| Task statement |
Produce a verbatim transcript of the entries below, excluding pictures.

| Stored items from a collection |
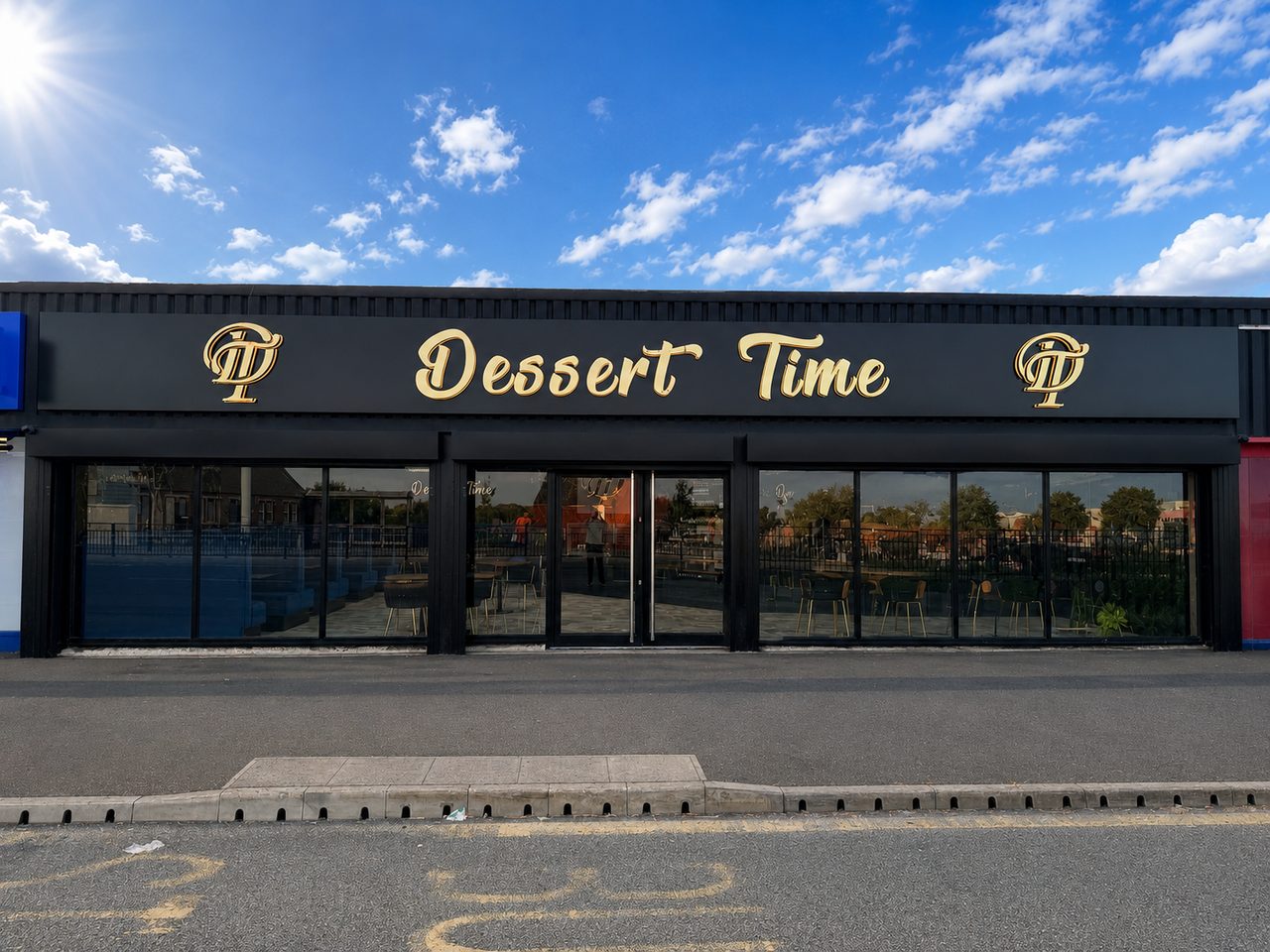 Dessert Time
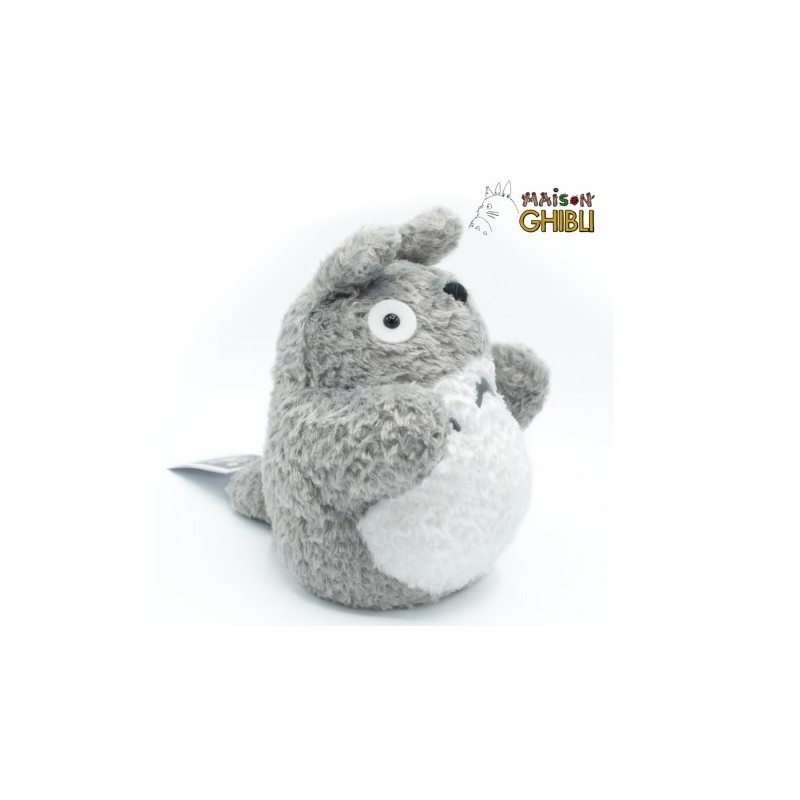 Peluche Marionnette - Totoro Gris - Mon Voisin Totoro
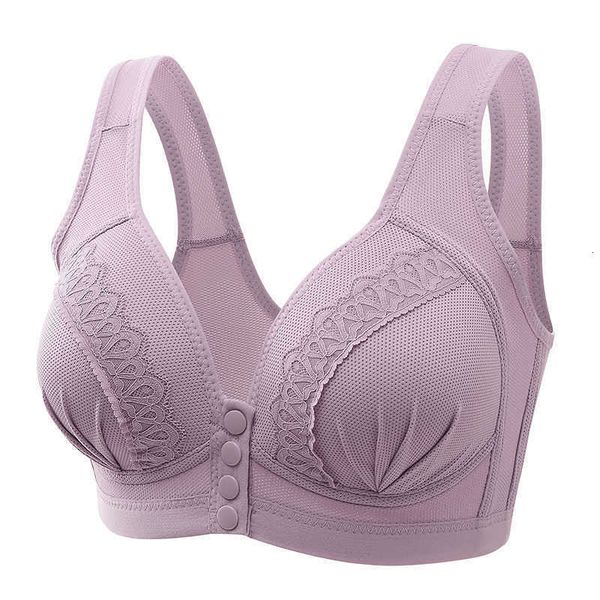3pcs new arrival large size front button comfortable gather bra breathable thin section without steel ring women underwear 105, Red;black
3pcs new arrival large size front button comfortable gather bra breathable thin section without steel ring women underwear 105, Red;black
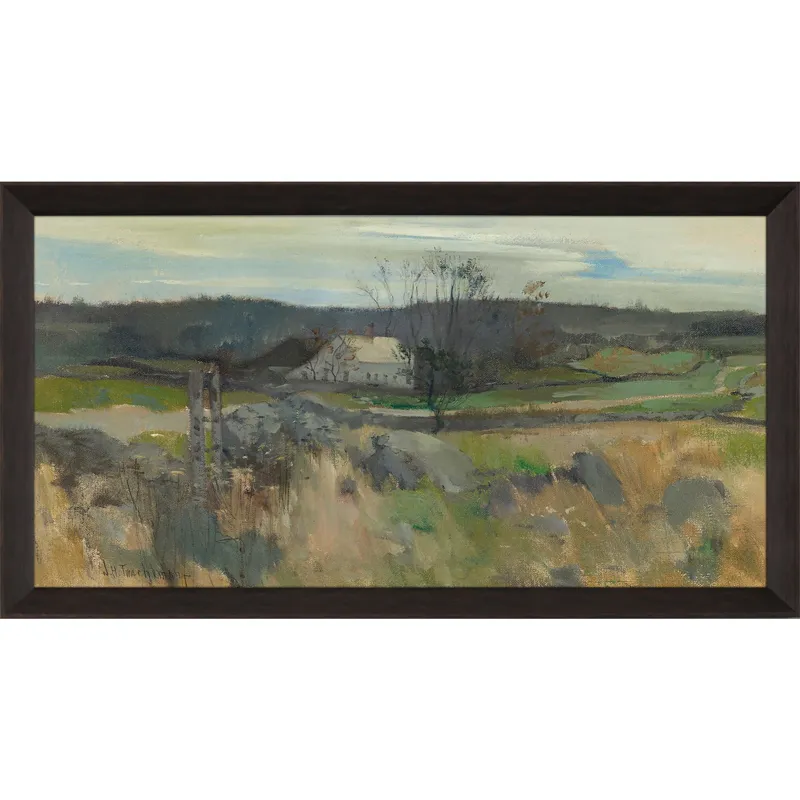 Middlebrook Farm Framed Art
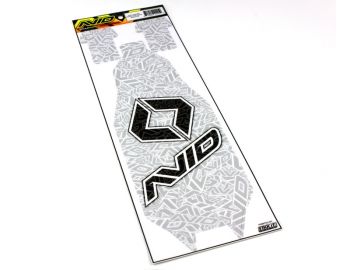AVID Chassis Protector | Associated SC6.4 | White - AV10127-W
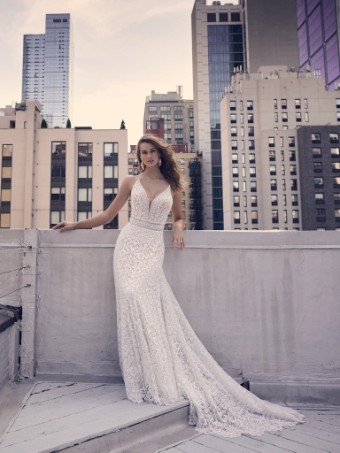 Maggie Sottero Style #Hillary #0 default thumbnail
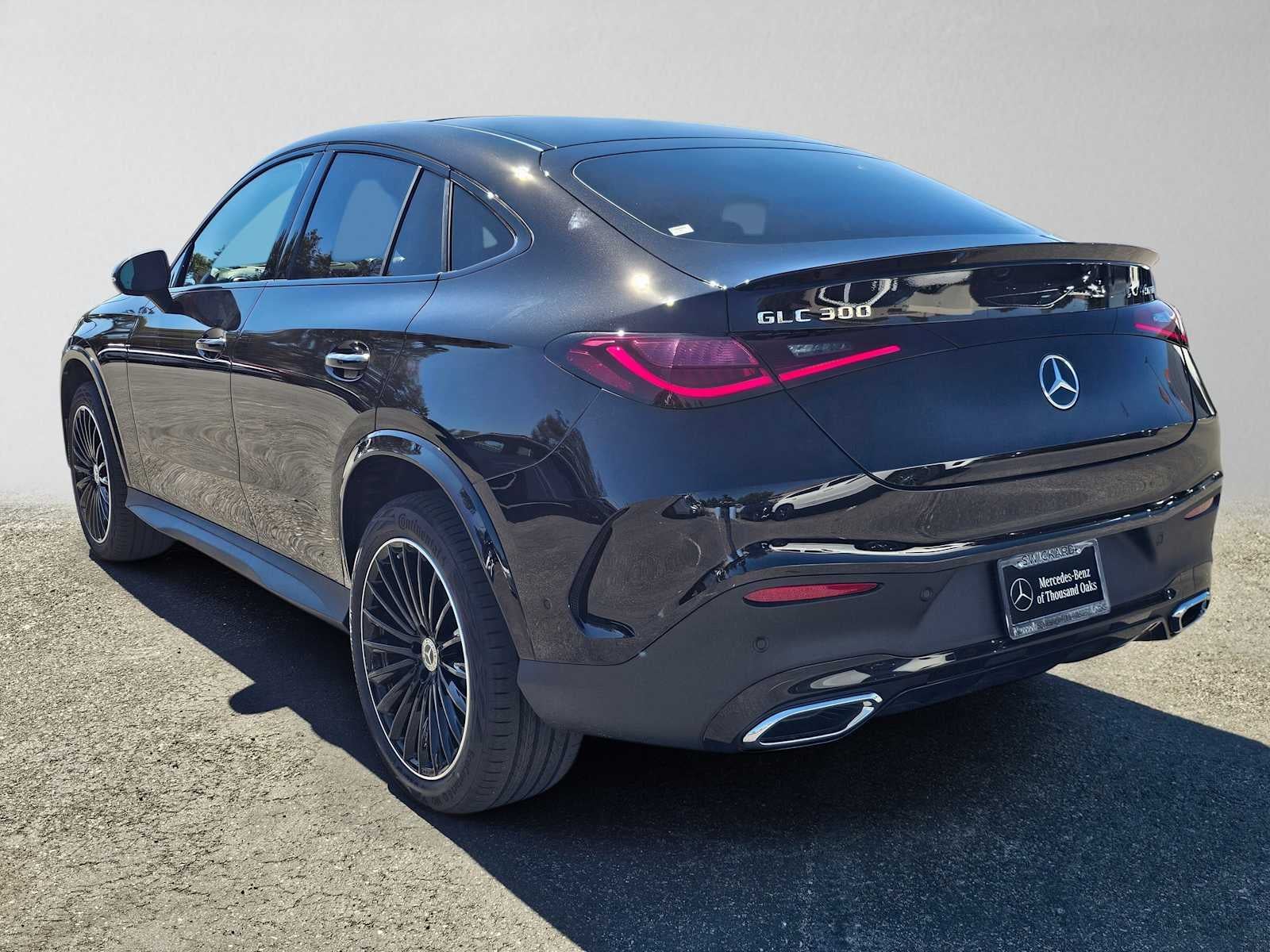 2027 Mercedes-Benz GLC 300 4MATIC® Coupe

| Exercise response |
 Dessert Time
 Peluche Marionnette - Totoro Gris - Mon Voisin Totoro
3pcs new arrival large size front button comfortable gather bra breathable thin section without steel ring women underwear 105, Red;black
3pcs new arrival large size front button comfortable gather bra breathable thin section without steel ring women underwear 105, Red;black
 Middlebrook Farm Framed Art
AVID Chassis Protector | Associated SC6.4 | White - AV10127-W
 Maggie Sottero Style #Hillary #0 default thumbnail
 2027 Mercedes-Benz GLC 300 4MATIC® Coupe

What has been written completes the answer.